Extracted records:
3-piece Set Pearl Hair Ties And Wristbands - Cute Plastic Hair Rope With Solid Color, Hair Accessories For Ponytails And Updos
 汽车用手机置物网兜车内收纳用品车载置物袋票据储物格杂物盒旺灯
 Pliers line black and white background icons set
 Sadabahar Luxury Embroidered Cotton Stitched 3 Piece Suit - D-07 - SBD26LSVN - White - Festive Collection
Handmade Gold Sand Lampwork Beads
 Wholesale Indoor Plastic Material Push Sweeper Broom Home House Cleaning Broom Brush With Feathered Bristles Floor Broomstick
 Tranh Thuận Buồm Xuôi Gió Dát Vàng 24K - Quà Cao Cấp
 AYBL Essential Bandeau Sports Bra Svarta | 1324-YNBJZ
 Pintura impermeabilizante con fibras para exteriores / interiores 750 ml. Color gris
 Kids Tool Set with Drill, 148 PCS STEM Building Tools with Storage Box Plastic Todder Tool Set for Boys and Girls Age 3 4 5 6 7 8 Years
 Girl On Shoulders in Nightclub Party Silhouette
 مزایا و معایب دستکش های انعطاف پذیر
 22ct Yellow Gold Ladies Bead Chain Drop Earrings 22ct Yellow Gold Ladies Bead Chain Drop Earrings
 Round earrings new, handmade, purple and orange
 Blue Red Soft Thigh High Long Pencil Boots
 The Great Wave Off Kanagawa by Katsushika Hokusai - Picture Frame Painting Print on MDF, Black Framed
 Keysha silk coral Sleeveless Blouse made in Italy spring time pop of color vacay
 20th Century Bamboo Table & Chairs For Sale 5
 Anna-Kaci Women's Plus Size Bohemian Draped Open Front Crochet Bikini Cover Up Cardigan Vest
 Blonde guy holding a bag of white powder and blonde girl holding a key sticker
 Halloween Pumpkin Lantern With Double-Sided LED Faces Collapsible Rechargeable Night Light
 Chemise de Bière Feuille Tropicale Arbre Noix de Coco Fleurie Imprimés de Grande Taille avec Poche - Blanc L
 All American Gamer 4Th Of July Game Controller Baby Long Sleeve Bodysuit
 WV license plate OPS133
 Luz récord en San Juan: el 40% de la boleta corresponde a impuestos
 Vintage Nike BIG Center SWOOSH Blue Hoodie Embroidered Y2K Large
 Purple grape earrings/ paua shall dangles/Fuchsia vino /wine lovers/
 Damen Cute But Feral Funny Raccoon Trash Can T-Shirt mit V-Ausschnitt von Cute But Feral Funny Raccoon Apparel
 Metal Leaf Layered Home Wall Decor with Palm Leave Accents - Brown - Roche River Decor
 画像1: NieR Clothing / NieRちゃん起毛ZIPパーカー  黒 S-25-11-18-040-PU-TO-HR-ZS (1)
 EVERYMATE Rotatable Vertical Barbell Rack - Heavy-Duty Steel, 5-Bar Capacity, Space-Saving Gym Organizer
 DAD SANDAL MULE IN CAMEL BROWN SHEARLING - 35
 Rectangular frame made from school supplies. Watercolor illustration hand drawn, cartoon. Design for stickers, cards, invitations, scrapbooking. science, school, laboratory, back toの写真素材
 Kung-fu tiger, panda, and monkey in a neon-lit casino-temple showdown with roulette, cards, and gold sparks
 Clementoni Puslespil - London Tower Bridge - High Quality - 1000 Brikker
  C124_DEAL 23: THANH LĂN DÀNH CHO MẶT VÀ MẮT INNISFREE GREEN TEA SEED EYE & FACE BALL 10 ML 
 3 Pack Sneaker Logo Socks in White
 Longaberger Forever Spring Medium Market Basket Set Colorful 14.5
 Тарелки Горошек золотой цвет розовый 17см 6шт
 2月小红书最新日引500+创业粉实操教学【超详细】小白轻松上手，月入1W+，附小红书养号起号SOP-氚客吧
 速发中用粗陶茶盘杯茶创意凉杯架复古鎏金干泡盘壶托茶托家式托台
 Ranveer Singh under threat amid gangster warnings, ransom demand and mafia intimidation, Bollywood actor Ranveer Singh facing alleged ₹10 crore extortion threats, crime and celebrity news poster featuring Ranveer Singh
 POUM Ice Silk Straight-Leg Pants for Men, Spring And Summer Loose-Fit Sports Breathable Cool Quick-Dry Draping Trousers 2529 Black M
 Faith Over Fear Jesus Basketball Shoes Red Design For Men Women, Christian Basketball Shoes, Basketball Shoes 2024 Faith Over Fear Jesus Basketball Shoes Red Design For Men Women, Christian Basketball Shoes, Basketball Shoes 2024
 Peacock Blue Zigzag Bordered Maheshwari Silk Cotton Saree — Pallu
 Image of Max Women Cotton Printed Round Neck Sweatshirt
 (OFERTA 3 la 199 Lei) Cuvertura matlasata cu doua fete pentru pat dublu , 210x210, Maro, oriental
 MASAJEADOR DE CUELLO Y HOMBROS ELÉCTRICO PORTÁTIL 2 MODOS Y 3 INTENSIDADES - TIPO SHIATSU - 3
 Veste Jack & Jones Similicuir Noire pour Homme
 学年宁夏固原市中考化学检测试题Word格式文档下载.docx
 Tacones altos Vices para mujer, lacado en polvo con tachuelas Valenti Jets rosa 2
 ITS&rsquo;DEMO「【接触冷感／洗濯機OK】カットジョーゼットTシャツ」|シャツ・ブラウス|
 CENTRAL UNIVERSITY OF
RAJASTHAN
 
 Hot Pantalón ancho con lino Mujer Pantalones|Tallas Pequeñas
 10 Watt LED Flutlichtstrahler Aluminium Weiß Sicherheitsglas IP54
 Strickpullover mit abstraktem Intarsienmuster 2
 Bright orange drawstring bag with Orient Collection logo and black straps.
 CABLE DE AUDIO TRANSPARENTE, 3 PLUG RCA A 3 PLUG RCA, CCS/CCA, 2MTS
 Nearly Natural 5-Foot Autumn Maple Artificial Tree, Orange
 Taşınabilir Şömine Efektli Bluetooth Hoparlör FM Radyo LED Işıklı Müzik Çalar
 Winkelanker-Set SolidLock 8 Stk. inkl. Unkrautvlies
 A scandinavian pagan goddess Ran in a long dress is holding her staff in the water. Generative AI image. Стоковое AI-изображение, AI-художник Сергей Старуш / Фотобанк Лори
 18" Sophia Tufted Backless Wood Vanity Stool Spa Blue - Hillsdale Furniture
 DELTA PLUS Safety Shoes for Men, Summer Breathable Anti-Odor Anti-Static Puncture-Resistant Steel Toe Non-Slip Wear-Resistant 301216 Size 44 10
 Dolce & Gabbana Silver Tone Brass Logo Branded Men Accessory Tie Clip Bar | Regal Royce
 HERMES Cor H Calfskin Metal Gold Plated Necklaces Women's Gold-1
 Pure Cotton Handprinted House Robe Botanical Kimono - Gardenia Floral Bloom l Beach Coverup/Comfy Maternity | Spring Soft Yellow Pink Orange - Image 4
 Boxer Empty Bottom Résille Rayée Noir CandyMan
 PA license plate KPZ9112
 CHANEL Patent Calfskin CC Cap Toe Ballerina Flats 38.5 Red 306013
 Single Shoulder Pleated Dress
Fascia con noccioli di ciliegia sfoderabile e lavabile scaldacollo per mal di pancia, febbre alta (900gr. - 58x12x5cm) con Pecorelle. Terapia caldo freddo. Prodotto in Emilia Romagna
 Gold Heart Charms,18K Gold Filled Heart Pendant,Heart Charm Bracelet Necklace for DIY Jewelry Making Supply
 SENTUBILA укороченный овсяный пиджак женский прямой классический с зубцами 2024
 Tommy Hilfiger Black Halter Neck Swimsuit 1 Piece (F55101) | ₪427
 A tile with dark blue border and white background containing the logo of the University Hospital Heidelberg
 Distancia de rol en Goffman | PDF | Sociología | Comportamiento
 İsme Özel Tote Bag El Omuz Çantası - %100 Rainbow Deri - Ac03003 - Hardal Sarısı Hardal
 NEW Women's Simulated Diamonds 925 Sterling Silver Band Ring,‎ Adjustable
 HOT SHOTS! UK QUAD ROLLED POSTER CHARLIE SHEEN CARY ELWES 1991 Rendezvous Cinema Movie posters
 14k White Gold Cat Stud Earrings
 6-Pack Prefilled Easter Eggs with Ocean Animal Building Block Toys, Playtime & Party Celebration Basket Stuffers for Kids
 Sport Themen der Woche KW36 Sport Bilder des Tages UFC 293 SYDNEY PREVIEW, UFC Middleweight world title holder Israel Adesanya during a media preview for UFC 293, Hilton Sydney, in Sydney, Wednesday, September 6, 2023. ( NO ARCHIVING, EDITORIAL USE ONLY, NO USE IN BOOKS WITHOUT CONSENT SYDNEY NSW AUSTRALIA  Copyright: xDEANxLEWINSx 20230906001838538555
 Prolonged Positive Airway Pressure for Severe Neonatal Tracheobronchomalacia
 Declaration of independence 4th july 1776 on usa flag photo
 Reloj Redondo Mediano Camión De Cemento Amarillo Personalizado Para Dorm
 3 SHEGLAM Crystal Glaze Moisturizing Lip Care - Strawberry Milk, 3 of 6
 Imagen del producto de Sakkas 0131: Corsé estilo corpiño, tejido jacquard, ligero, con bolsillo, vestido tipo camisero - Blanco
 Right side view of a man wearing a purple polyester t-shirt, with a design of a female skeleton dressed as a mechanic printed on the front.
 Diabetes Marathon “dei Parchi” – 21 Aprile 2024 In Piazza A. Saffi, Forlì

ASSIGNMENT
Print again the lines of the entries above that fall between the line holding "AYBL Essential Bandeau" and the line holding "Purple grape earrings/", inclusive, exactly as they stand.

RESPONSE TO THIS EXERCISE
 AYBL Essential Bandeau Sports Bra Svarta | 1324-YNBJZ
 Pintura impermeabilizante con fibras para exteriores / interiores 750 ml. Color gris
 Kids Tool Set with Drill, 148 PCS STEM Building Tools with Storage Box Plastic Todder Tool Set for Boys and Girls Age 3 4 5 6 7 8 Years
 Girl On Shoulders in Nightclub Party Silhouette
 مزایا و معایب دستکش های انعطاف پذیر
 22ct Yellow Gold Ladies Bead Chain Drop Earrings 22ct Yellow Gold Ladies Bead Chain Drop Earrings
 Round earrings new, handmade, purple and orange
 Blue Red Soft Thigh High Long Pencil Boots
 The Great Wave Off Kanagawa by Katsushika Hokusai - Picture Frame Painting Print on MDF, Black Framed
 Keysha silk coral Sleeveless Blouse made in Italy spring time pop of color vacay
 20th Century Bamboo Table & Chairs For Sale 5
 Anna-Kaci Women's Plus Size Bohemian Draped Open Front Crochet Bikini Cover Up Cardigan Vest
 Blonde guy holding a bag of white powder and blonde girl holding a key sticker
 Halloween Pumpkin Lantern With Double-Sided LED Faces Collapsible Rechargeable Night Light
 Chemise de Bière Feuille Tropicale Arbre Noix de Coco Fleurie Imprimés de Grande Taille avec Poche - Blanc L
 All American Gamer 4Th Of July Game Controller Baby Long Sleeve Bodysuit
 WV license plate OPS133
 Luz récord en San Juan: el 40% de la boleta corresponde a impuestos
 Vintage Nike BIG Center SWOOSH Blue Hoodie Embroidered Y2K Large
 Purple grape earrings/ paua shall dangles/Fuchsia vino /wine lovers/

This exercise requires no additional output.